──────── Dataset entries

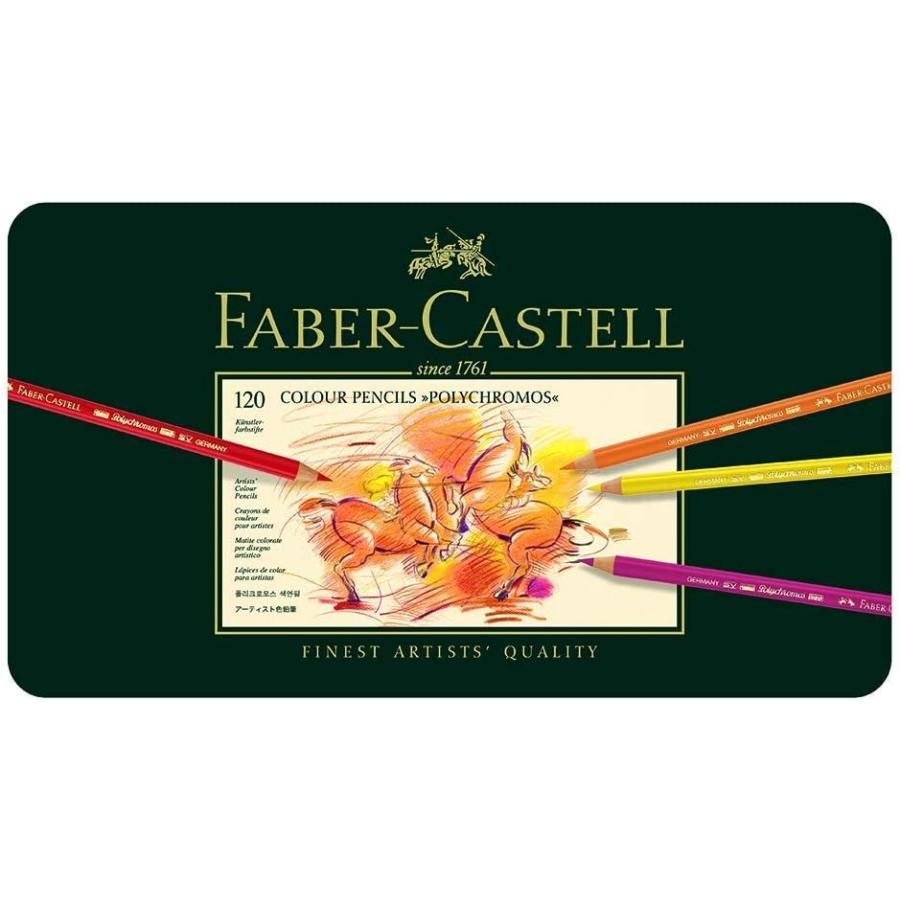 Faber-Castell Polychromos Artist Colored Pencils Set Premium Quality Polychromos Colored Pencils 120 Tin Gift Set Includes Pencil Sharpener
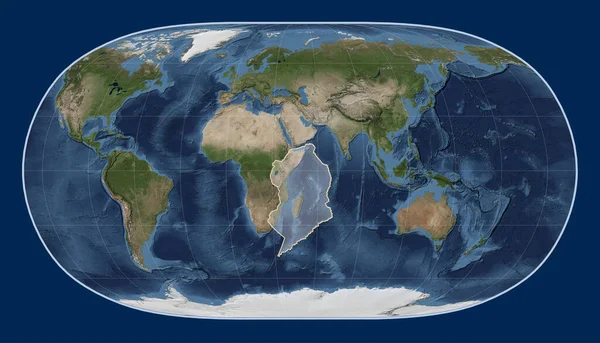 Placa Tectónica Somalí Mapa Satélite Mármol Azul Proyección Tierra Natural — Foto de Stock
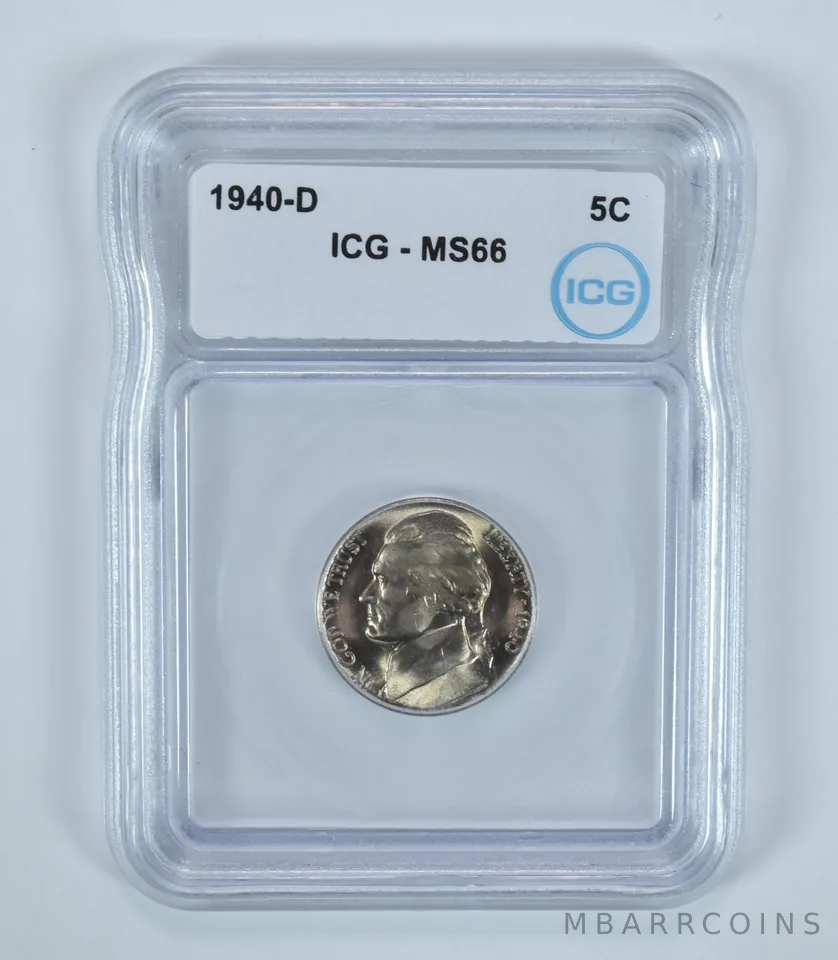 1940-D Jefferson Nickel MS66 ICG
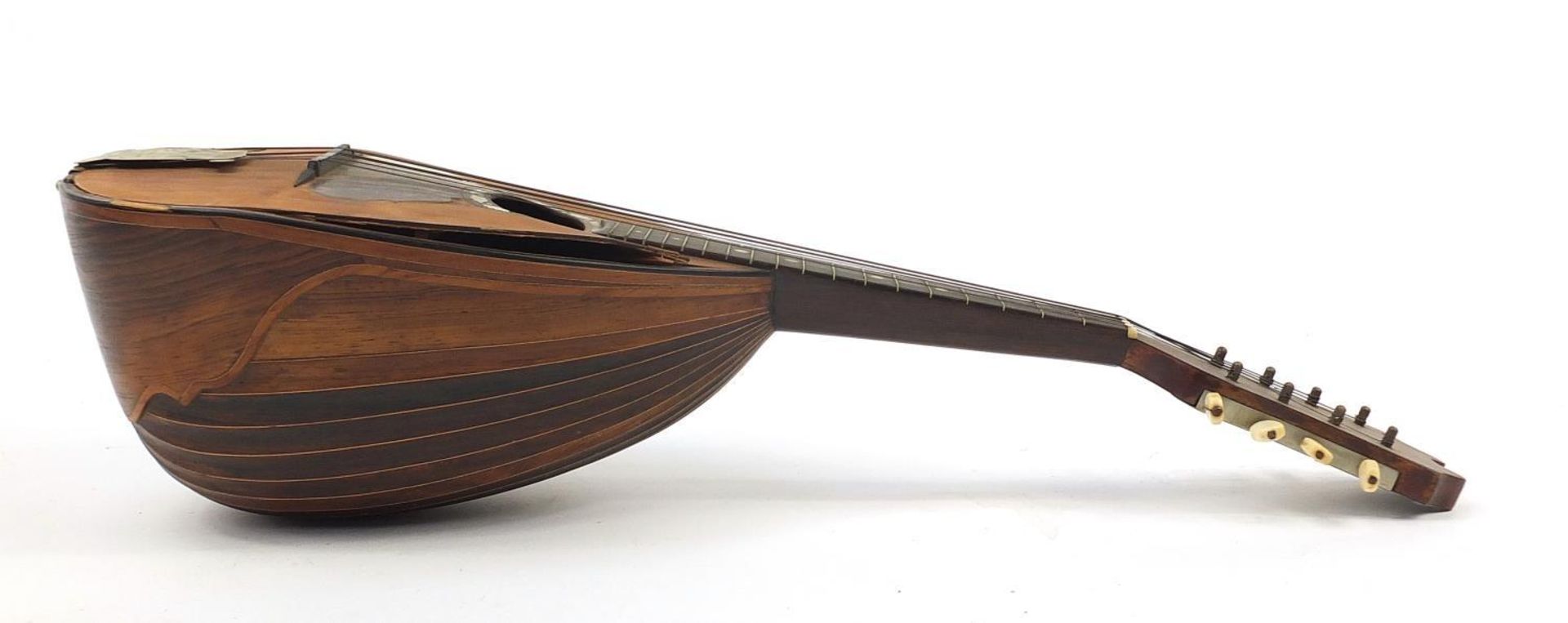 Italian inlaid rosewood melon shaped mandolin with case and G Grandini paper label to the - Image 4 of 12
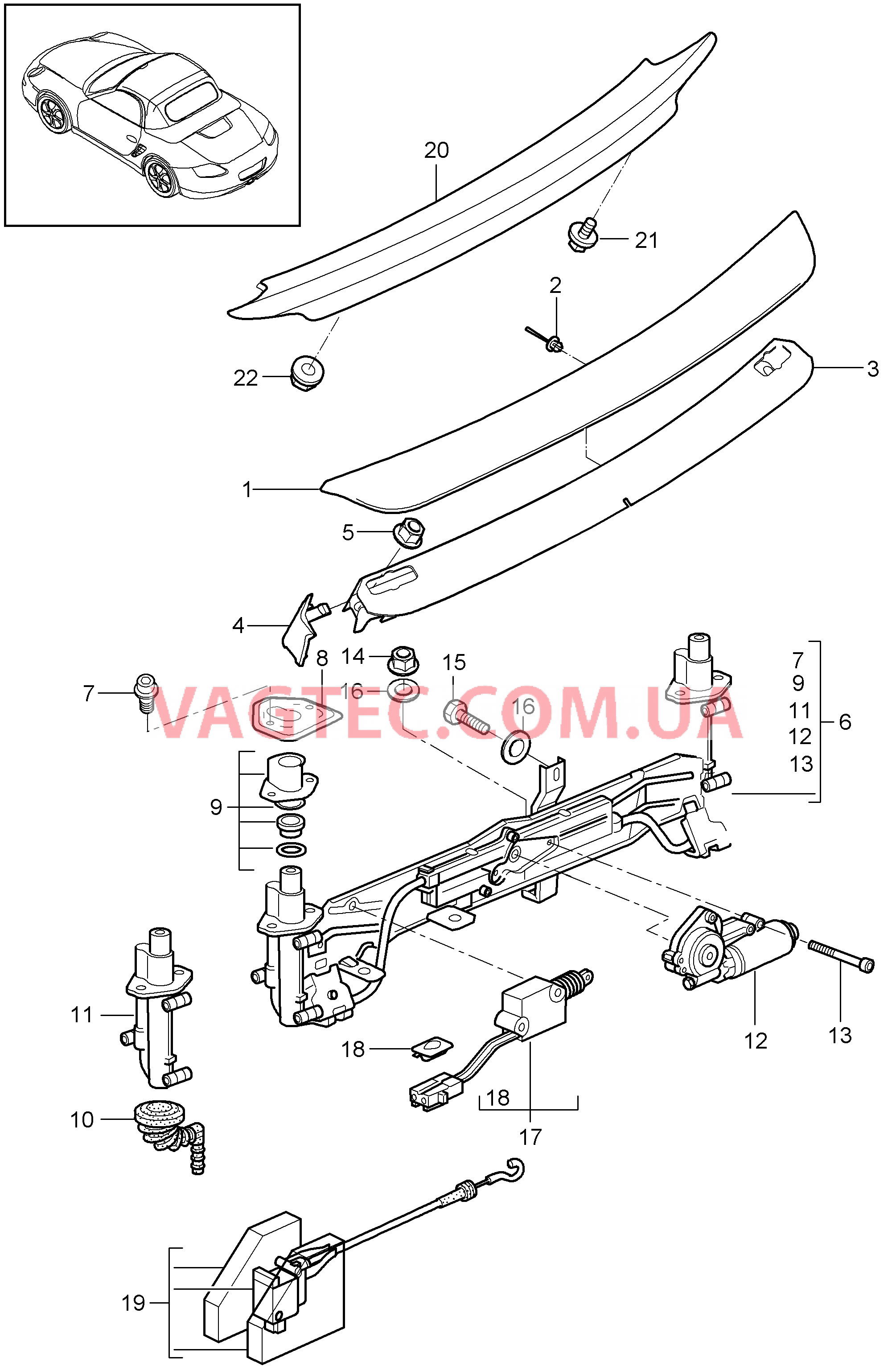 803-007 Задний спойлер для PORSCHE Boxster 2009-2012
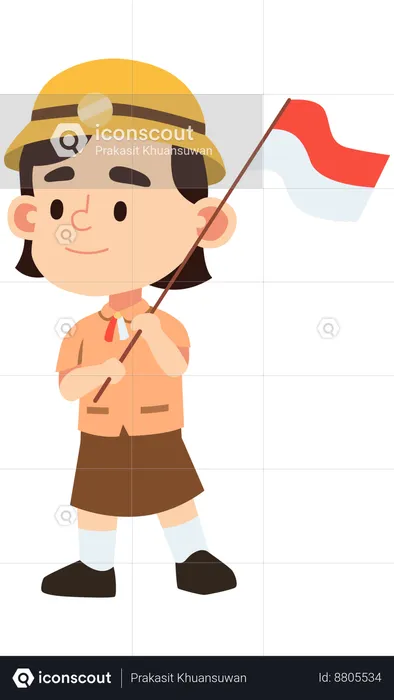 Girl is dressed up in indonesian scout's uniform holding red flag  Illustration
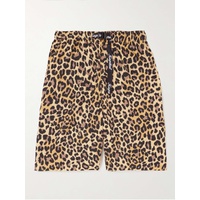KAPITAL Wide-Leg Belted Leopard-Print Cotton-Gabardine Shorts 1647597309323323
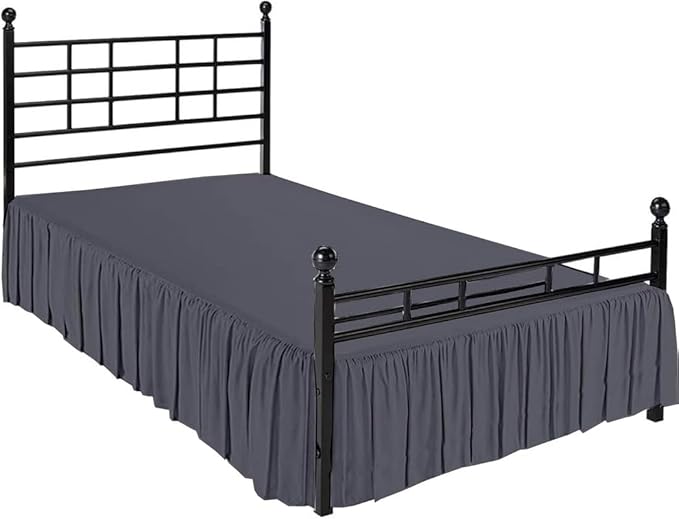 Ruffle Bed Skirt with Split Corners, Microfiber Dust Ruffled for a Perfectly Tailored Bedding Ensemble, Wrinkle and Fade Free, Easy Fit, King Size 21 Inch Drop, Dark Grey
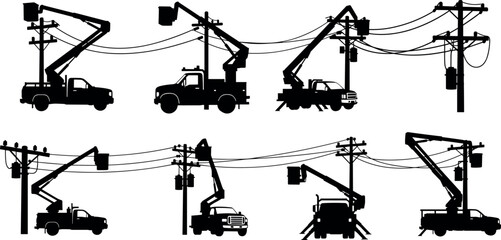 Electric utility service truck silhouettes power lines, bucket lifts and workers equipment for electrical maintenance and infrastructure illustration  © Yeasin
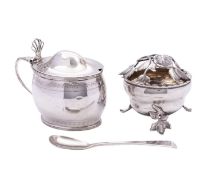 A George III silver mustard pot by Peter, Ann and William Bateman, London 1802, panelled oval form,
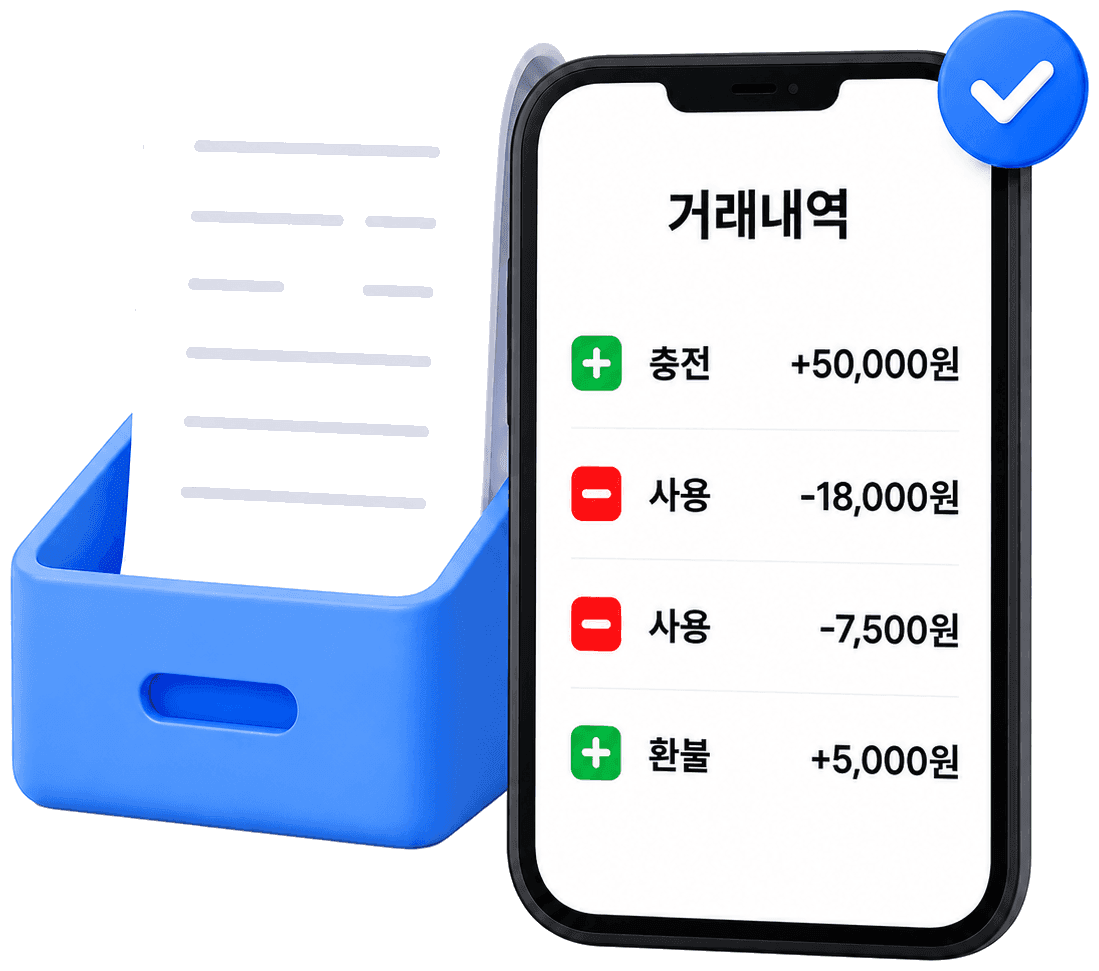거래내역이 자동으로 저장되는 휴대폰과 종이 기록 일러스트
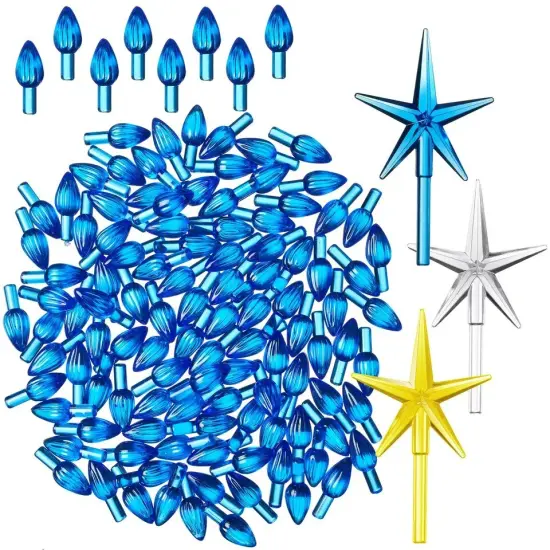 108 Replacement Blue Ceramic Christmas Tree Twist Light Bulbs, 3 Star Toppers {4}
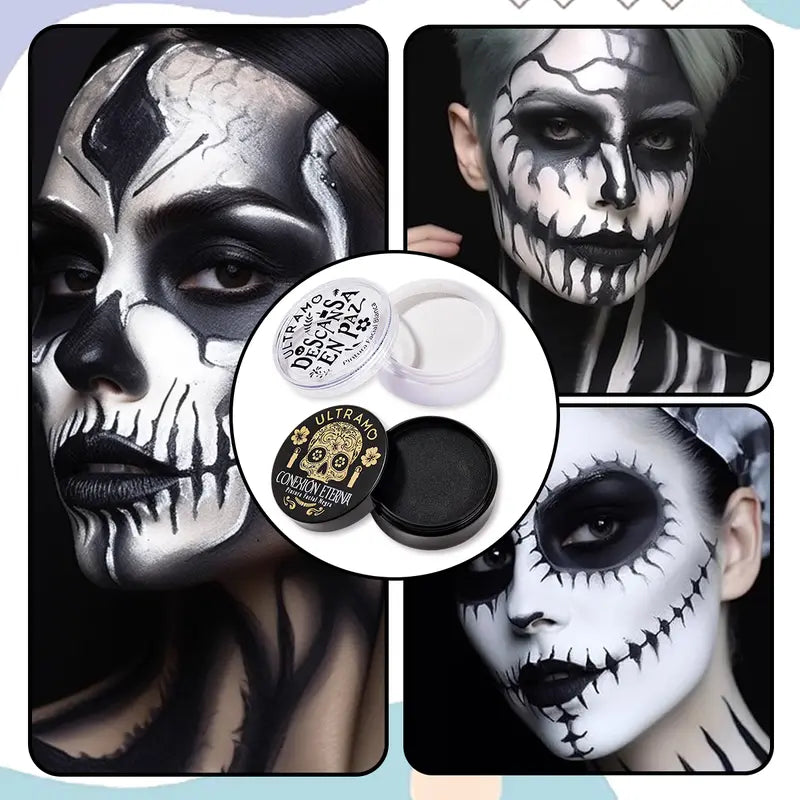 ULTRAMO Kit Pintura Facial Blanco y Negro Body Paint FM702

────────────────

### What this task involves
Without the images, output all the entries exactly as they stand.

### Response area
 Faber-Castell Polychromos Artist Colored Pencils Set Premium Quality Polychromos Colored Pencils 120 Tin Gift Set Includes Pencil Sharpener
 Placa Tectónica Somalí Mapa Satélite Mármol Azul Proyección Tierra Natural — Foto de Stock
 1940-D Jefferson Nickel MS66 ICG
 Italian inlaid rosewood melon shaped mandolin with case and G Grandini paper label to the - Image 4 of 12
 803-007 Задний спойлер для PORSCHE Boxster 2009-2012
 Girl is dressed up in indonesian scout's uniform holding red flag  Illustration
KAPITAL Wide-Leg Belted Leopard-Print Cotton-Gabardine Shorts 1647597309323323
 Ruffle Bed Skirt with Split Corners, Microfiber Dust Ruffled for a Perfectly Tailored Bedding Ensemble, Wrinkle and Fade Free, Easy Fit, King Size 21 Inch Drop, Dark Grey
 Electric utility service truck silhouettes power lines, bucket lifts and workers equipment for electrical maintenance and infrastructure illustration  © Yeasin
 A George III silver mustard pot by Peter, Ann and William Bateman, London 1802, panelled oval form,
거래내역이 자동으로 저장되는 휴대폰과 종이 기록 일러스트
 108 Replacement Blue Ceramic Christmas Tree Twist Light Bulbs, 3 Star Toppers {4}
 ULTRAMO Kit Pintura Facial Blanco y Negro Body Paint FM702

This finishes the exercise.